Records shown:
↓

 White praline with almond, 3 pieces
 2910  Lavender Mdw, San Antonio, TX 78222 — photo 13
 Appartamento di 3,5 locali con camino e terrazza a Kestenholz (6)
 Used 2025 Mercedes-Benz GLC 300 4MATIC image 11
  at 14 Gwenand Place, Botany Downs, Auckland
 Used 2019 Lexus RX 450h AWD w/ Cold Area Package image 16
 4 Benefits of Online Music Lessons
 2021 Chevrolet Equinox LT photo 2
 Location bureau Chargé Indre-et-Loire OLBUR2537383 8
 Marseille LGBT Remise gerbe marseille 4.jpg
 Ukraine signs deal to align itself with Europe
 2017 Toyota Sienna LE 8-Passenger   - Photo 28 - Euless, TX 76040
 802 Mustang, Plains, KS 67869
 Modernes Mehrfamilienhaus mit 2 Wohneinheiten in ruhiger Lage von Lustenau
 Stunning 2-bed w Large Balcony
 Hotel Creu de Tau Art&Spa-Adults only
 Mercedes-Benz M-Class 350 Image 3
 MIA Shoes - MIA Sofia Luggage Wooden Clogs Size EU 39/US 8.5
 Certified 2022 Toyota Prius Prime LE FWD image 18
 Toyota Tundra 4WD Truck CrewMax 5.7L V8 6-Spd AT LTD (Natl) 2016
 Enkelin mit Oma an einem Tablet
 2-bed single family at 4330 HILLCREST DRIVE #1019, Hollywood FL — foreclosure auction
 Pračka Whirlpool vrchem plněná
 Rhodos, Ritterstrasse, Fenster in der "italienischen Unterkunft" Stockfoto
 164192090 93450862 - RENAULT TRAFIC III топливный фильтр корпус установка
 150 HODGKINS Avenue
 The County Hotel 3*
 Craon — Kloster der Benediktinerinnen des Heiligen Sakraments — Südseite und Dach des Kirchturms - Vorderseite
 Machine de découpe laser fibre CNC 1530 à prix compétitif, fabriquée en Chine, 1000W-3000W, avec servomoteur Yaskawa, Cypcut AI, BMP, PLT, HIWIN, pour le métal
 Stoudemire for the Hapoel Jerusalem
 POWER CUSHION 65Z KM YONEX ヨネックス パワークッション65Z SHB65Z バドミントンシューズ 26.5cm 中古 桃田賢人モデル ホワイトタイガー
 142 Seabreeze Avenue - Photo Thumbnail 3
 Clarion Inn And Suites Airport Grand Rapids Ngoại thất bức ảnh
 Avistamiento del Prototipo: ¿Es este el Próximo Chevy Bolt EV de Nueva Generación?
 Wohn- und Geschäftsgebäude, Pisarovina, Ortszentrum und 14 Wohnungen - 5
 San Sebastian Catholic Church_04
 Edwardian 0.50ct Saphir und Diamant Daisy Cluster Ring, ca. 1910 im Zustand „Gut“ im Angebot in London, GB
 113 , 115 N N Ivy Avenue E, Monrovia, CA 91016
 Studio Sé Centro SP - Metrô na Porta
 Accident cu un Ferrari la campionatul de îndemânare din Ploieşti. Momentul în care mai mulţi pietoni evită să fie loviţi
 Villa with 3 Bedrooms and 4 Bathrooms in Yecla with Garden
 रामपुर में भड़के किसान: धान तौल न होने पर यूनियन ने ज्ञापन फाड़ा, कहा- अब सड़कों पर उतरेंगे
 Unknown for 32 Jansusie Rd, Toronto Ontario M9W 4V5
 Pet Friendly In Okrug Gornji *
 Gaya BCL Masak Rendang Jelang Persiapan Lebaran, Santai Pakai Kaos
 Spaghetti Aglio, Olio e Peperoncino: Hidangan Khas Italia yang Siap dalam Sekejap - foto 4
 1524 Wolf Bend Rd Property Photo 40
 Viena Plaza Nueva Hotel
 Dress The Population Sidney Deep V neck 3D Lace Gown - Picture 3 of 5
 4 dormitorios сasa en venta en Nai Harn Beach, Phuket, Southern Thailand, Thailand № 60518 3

↑

Task instructions:
Using the records above, repeat exactly the lines from the first one through the line with "802 Mustang, Plains, KS 67869".

Reply:
 White praline with almond, 3 pieces
 2910  Lavender Mdw, San Antonio, TX 78222 — photo 13
 Appartamento di 3,5 locali con camino e terrazza a Kestenholz (6)
 Used 2025 Mercedes-Benz GLC 300 4MATIC image 11
  at 14 Gwenand Place, Botany Downs, Auckland
 Used 2019 Lexus RX 450h AWD w/ Cold Area Package image 16
 4 Benefits of Online Music Lessons
 2021 Chevrolet Equinox LT photo 2
 Location bureau Chargé Indre-et-Loire OLBUR2537383 8
 Marseille LGBT Remise gerbe marseille 4.jpg
 Ukraine signs deal to align itself with Europe
 2017 Toyota Sienna LE 8-Passenger   - Photo 28 - Euless, TX 76040
 802 Mustang, Plains, KS 67869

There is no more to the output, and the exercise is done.